I loved this cake. It went down like sweet, fluffy air and the acid from the lemon pie filling (from a can as I recall, not that I minded) just slightly offset the sugar-bomb joy that was the rest of the cake.
The first time I made homemade lemon curd, my mind went back to that cake. It was like lemon pie filling had grown up, discovered mascara, and slipped into a damned sexy strapless sundress. Lemon curd was a head-turner. Lemon curd had something going on – sweet, bright with citrus flavor, just a bit tart, smooth and equally at home at a casual picnic, alongside a wedge of Almond Cake or as the star of a high-end French tartlet.
I was in love.
It’s Meyer Lemon season now, which means it’s time to make and stash away a few jars of Meyer Lemon Curd so the love affair can continue.
Meyer lemons are less tart than the Eureka (and similar) lemons that you are likely to find at the supermarket, and their skins are thinner and more golden-orange in tone than yellow. If you can’t track down Meyer lemons, this recipe is equally delicious (though a bit more puckery) with regular lemons. Or substitute lime juice and lime zest for lime curd. You really can’t go wrong.
I never water bath can my citrus curds – although it’s possible with the right recipe (not this one), the shelf life is quite limited and the powers-that-be insist that bottled citrus juices be used for safety. Using anything but freshly squeezed juice in a curd recipe would be an absolute offense. Don’t waste your butter.
Instead of canning, I freeze my curd for longer storage. It freezes perfectly for several months – probably longer, but I’ve never had a batch last more than 3 months because it’s that good. In fact, frozen curd is a treat in itself, and I have snuck more than a few spoonfuls straight out of a jar in the freezer to eat like the world’s most delicious lemon sherbert.
My favorite lemon curd recipe comes from Fine Cooking. The proportions given here will make a triple batch – enough to get 6 or 7 half-pint jars of curd stashed away.
Bulk Peeling and Juicing
You’re going to need about 10 medium Meyer lemons for this recipe, but it’s best to have a few extras on hand in case your specimens are smaller or less juicy. Lemon zest is infinitely useful, so when I have a lot of lemons to juice, I take a bulk approach to zesting and juicing.
First I wash and dry all the lemons.
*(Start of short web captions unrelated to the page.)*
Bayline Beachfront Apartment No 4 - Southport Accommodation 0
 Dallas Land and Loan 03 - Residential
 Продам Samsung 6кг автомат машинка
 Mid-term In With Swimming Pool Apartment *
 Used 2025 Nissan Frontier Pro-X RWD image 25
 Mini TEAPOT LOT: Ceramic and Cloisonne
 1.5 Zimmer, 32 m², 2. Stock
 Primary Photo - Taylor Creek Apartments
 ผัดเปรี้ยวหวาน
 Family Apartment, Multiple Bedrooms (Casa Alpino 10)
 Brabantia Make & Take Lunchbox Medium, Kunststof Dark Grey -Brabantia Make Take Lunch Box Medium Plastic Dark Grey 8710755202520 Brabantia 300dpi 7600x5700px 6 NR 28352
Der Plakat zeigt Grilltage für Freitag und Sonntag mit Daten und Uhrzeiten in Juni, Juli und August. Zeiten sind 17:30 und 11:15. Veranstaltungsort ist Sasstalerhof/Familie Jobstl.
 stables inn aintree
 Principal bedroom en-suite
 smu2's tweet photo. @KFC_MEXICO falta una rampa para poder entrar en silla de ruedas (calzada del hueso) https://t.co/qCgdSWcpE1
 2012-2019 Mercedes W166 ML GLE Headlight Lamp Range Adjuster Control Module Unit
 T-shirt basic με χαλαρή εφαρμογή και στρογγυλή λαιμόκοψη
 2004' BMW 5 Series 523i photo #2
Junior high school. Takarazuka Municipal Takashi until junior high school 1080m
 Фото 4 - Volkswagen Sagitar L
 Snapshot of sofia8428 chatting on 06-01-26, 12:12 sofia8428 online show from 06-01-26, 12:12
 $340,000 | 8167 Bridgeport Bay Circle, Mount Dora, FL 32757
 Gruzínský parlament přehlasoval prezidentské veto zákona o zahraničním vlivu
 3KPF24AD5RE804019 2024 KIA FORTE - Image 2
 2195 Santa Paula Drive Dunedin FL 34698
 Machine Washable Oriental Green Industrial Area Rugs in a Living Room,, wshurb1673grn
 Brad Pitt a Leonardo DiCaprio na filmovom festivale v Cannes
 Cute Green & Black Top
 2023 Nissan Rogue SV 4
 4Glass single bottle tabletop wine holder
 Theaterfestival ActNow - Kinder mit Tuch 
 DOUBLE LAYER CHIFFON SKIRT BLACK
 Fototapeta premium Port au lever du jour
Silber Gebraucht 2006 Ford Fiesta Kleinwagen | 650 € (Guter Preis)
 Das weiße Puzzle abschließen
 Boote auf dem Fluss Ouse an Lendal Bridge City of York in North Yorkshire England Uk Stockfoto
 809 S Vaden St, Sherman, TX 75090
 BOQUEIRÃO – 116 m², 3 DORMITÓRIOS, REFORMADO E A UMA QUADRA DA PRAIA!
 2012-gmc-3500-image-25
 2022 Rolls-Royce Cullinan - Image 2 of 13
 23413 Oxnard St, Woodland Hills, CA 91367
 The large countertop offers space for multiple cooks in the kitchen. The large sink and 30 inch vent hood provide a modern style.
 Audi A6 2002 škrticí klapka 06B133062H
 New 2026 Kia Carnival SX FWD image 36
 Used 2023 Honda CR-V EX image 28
I recommend organic lemons, but if all you can find is conventional, be particularly vigilant about scrubbing the peels well to remove as much wax and pesticide residue as possible.
Next I peel each lemon with a vegetable peeler.
All the peels get set to one side and the naked lemons get set to the other.
Now you can process your lemon peels in bulk – I just popped all mine in the food processor to mince them. I used what I needed fresh in a few recipes and then dehydrated the remainder. Easy peasy.
I turned the lemons over to my son for juicing. He did great!
Meyer Lemon Curd Step-by-Step
Combine the butter, sugar and lemon zest in the bowl of a food processor.
When all the butter and sugar is well combined, add in the eggs with the mixer running.
Scrape down the bowl once or twice and process until smooth.
If your food processor is large enough, add in the lemon juice and process to combine and then transfer the curd mix to a heavy saucepan. If you don’t have enough room to blend the juice in the food processor, just scrape the butter-sugar-egg mix into a heavy saucepan and whisk in the lemon juice. If the mixture looks a bit curdled, don’t panic. It will be fine.
Heat curd mix over low-to-medium heat, depending on how ballsy you are. Stir consistently until mixture thickens and changes from pale yellow to bright lemon yellow. It is done at 170-degrees, or when you can run your finger through a dollop of curd and the line of your finger stays. If you get the curd too hot you’ll have sweet, lemony scrambled eggs – not so nice.
At this point, if you want you can strain your curd. If you are concerned you may have a little bit of floating scrambled egg in there, or if you prefer your curd without the lemon zest, strain. I don’t – I like those little flecks of zest. Ladle the curd into clean, dry half-pint jars.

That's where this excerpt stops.